BRIEF ::
Reply with exactly the lines from the one that contains "卓汇佳广场_367平_精装_办公室隔间" through the last line of the records below, and with no other lines.

BEGIN GIVEN RECORDS

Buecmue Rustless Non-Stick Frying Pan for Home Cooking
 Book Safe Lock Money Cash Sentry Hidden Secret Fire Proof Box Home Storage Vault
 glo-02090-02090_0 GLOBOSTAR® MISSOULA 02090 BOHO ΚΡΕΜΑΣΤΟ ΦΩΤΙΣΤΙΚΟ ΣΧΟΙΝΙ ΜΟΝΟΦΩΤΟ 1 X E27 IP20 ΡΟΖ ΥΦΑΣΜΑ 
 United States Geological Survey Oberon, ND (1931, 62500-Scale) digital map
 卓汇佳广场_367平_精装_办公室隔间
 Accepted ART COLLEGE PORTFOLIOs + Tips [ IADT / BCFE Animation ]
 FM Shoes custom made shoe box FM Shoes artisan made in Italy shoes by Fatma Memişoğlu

END GIVEN RECORDS

FINISHED TASK ::
 卓汇佳广场_367平_精装_办公室隔间
 Accepted ART COLLEGE PORTFOLIOs + Tips [ IADT / BCFE Animation ]
 FM Shoes custom made shoe box FM Shoes artisan made in Italy shoes by Fatma Memişoğlu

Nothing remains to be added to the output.